Equities Lab will warn you every time your strategy uses adjusted fields in an unsafe way and provides a plethora of properties, such as RawClose and RawOpen, to avoid such pitfalls.
Powerful Portfolio Handling
Configurable trading costs
In real life, trading costs vary per stock and per time, and can critically depend upon the details of your brokerage.
We model trading costs as slippage, which can be configured with a formula that can refer to any attribute of the security being traded. Set Market Cap cutoffs (as the Kini Trading Costs do), use average trading volume, or a composite based on your own specific needs.
This piece of seasonal insanity takes a perfectly ordinary composite of a Beneish/Piotroski/Momentum strategy and overlays it with a seasonal refusal-to-hold during the summer months and certain bad holidays.
The really interesting thing here is that the screen rebalances every time we go from a vacation state to a non-vacation state. This happens several times a year, at irregular intervals. The red reality line is merely the screen itself outperforming the market.

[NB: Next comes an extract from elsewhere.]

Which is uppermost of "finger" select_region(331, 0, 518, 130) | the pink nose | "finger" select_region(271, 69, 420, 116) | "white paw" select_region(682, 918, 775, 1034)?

Constrained holding periods
Investors are human. They won’t generally jump out of a position they just jumped into, and they may also refuse to buy something they previously sold that year.

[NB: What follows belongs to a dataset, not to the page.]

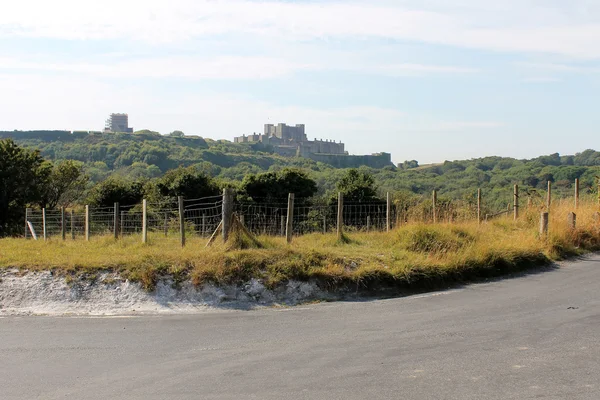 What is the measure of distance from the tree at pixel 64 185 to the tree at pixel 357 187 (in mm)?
26046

Do these quirks make a difference? Find out! The grid above shows a list of trades where the investor trades quarterly, is unable to sell for at least one year, is unwilling to hold for more than three years, and never buys a stock that has been sold. As might be expected, this underperforms vs. the base strategy, which has outperformed since 2010.
Stop-losses or stop profits?
Stop-losses may reduce volatility, but they also impact performance. In the chart above, up until 2010, the green backtest line used a 20% stop-loss.
From 2010 onwards, the strategy is much stricter: a 10% trailing stop-loss.
The green backtest line follows the orange baseline until 2010, whereupon it just seems to run out of steam. Perhaps something is “stopping” it?
The backtest tilt in this case shows an alternative view of a long/short portfolio. The large number of points clustered around the y-axis indicates that the strategy made a bold move, up or down, when the market went nowhere.
The dots around the x-axis tell a tale of drifting while the market was strongly in motion. As with many long/short strategies, market correlation is almost absent: beta is 0.007, which allows this strategy to have 2.25% alpha even while only going up half as much as the market.
Think your portfolio is too big? Why not limit the number of stocks held? Here, max holdings has been set to 5, with the ranking factor being Income Statement Score – Balance Sheet Score.